- **Input data**

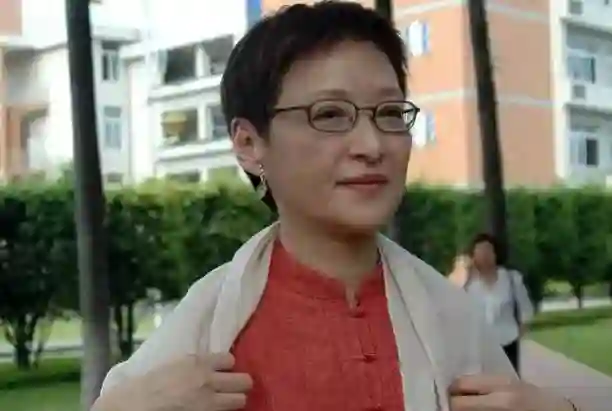 72岁胡因梦现状：不穿老年装，坦然面对衰老，颜值气质依旧在线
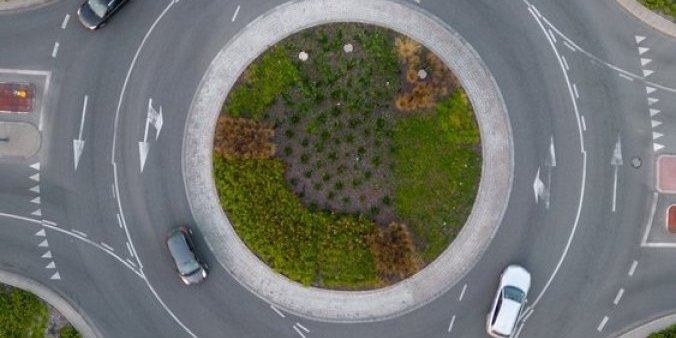 Ovo je saobraćajno pravilo koje 90 odsto ljudi ne poznaje - Zašto pogrešan žmigavac u kružnom toku može da ima fatalne posledice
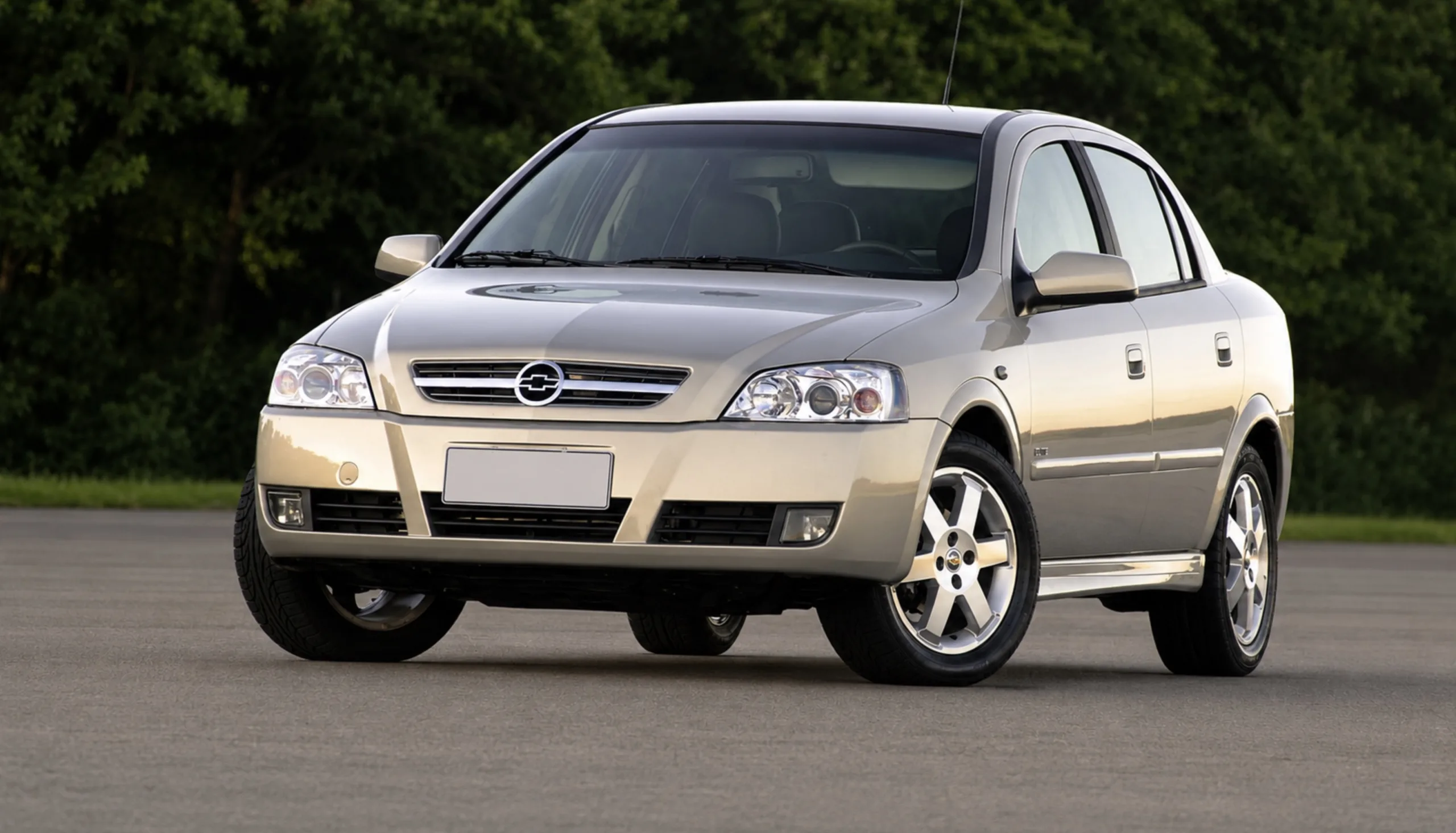 Astra Sedan Advantage 2.0 manual: espaçoso, vigoroso e surpreendentemente agradável de dirigir, mas basta um antigo dono relaxado para toda essa robustez virar uma pilha de contas.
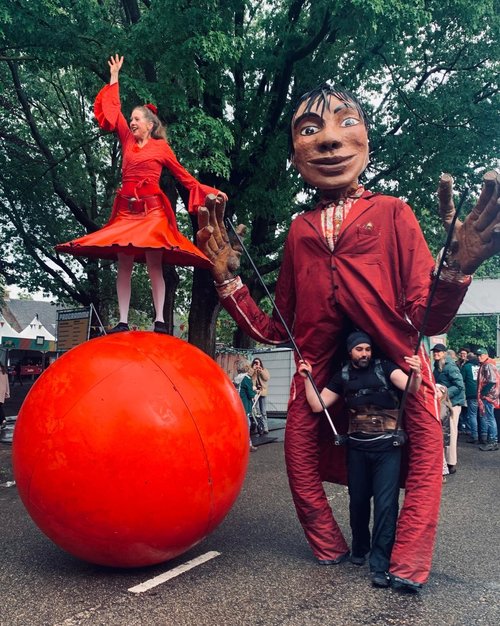 Beeindruckende Performances erwarten das Publikum am 14. und 15. August in der Innenstadt, darunter die Companie with Balls mit ihrem Stück „The Parade“. Foto: Totaal Theater Beeindruckende Performances erwarten das Publikum am 14. und 15. August in der Innenstadt, darunter die Companie with Balls mit ihrem Stück „The Parade“. Foto: Totaal Theater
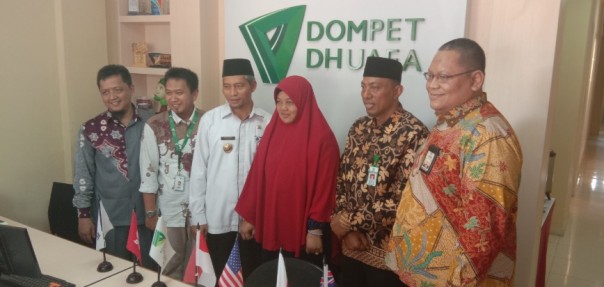 Wakil Wali Kota Pekanbaru, Ayat Cahyadi saat bersama pihak Dompet Dhuafa di kantor barunya di Jalan Arifin Ahmad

- **About this exercise**
Repeat all entries exactly, pictures excluded.

- **Problem solution**
 72岁胡因梦现状：不穿老年装，坦然面对衰老，颜值气质依旧在线
 Ovo je saobraćajno pravilo koje 90 odsto ljudi ne poznaje - Zašto pogrešan žmigavac u kružnom toku može da ima fatalne posledice
 Astra Sedan Advantage 2.0 manual: espaçoso, vigoroso e surpreendentemente agradável de dirigir, mas basta um antigo dono relaxado para toda essa robustez virar uma pilha de contas.
 Beeindruckende Performances erwarten das Publikum am 14. und 15. August in der Innenstadt, darunter die Companie with Balls mit ihrem Stück „The Parade“. Foto: Totaal Theater Beeindruckende Performances erwarten das Publikum am 14. und 15. August in der Innenstadt, darunter die Companie with Balls mit ihrem Stück „The Parade“. Foto: Totaal Theater
 Wakil Wali Kota Pekanbaru, Ayat Cahyadi saat bersama pihak Dompet Dhuafa di kantor barunya di Jalan Arifin Ahmad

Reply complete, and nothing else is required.